Neural excitation linked to shorter lifespan
Increased neural activity was linked to a shorter lifespan, according to a study funded in part by NIA and published in Nature. The study, conducted using human brain tissue and worm and mouse models, suggests that suppressing electrical activity in the brain could lead to a longer life.
Led by researchers at Harvard Medical School, the team first studied gene-expression data from brain tissue samples donated by hundreds of older adults with normal cognition. They found that people 85 years and older had fewer transcripts of genes involved in neural excitation — a process through which a nerve cell signals the next receiving nerve cell — and synaptic function than those who were 80 years of age or younger. Specifically, they found that people who lived longer had higher levels of repressor element 1-silencing transcription factor (REST), which appeared to suppress excitation-related genes.
To further investigate the association between REST and aging, the researchers genetically altered mice to lack the transcription repressor. Imaging scans revealed an increase in neuronal activity, measured by glucose uptake, in the brains of mice without REST.
The scientists also investigated neural regulation in C. elegans worms, a well-established model for aging research. They found that as the worms aged, neural activity heightened.
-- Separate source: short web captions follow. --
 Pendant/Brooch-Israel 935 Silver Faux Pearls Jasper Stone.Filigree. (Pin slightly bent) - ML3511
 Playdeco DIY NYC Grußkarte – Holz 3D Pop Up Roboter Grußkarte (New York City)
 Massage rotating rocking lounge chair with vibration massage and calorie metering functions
By suppressing this excitatory neuronal activity with a calcium channel blocker, they found that the worms lived longer.
The researchers then boosted SPR-4, the worm equivalent of REST, which resulted in decreased excitation and extended lifespan. They found that SPR-4 relied on another transcription factor, called DAF-16, in order to reduce neural excitation. Without DAF-16, SPR-4 did not extend worm life, suggesting that the extension in lifespan was contingent on an insulin/insulin-like growth factor signaling pathway in worms. The researchers noted that the human equivalent to DAF-16, FOXO1, was similarly linked to the expression of REST in the human brain samples. In addition, findings showed REST knockout mice had less FOXO1 than age-matched controls.
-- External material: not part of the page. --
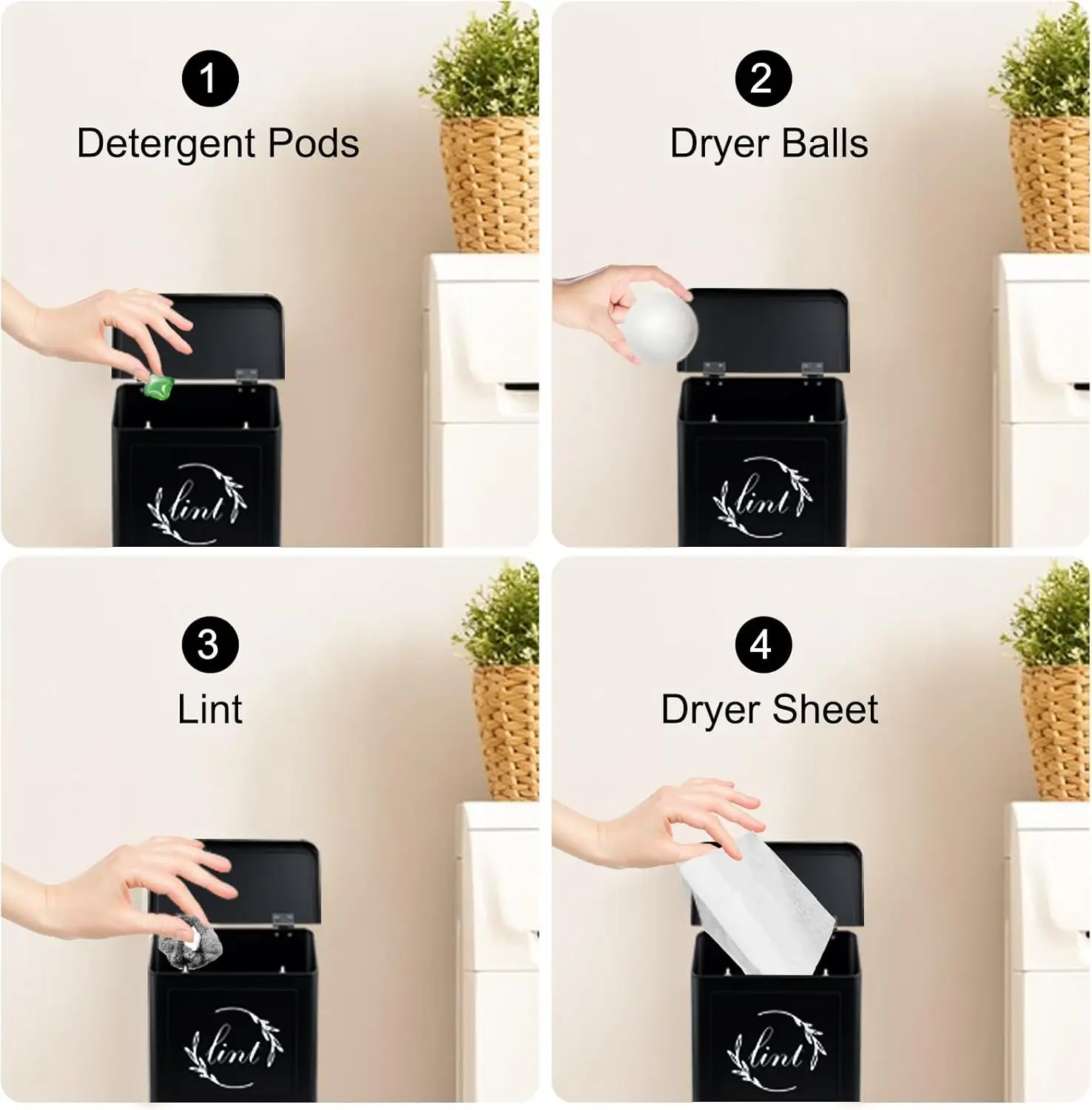 New Style Laundry Tablets Storage Containers with Lid Metal Magnetic Lint Bin Wall Mounted Laundry Canister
The study demonstrates that REST and the suppression of neuronal activity may converge with insulin signaling pathways to extend lifespan. The authors suggest that the activation of REST and reduction of excitatory neural activity could act as an approach to slowing the aging process and extending human longevity. These findings also may inform additional research into conditions that can induce excessive neural activity, such as Alzheimer’s disease.
This research was funded in part by NIA grants RO1AG046174, RO1AG26651, P30AG10161, R01AG15819, R01AG17917, R01AG36836, U01AG46152, K99AG050830, P01AG02219 and P50AG05138.
Reference: Zullo J, et al. Regulation of lifespan by neural excitation and REST. Nature. 2019;574:359-364. doi:10.1038/s41586-019-1647-8.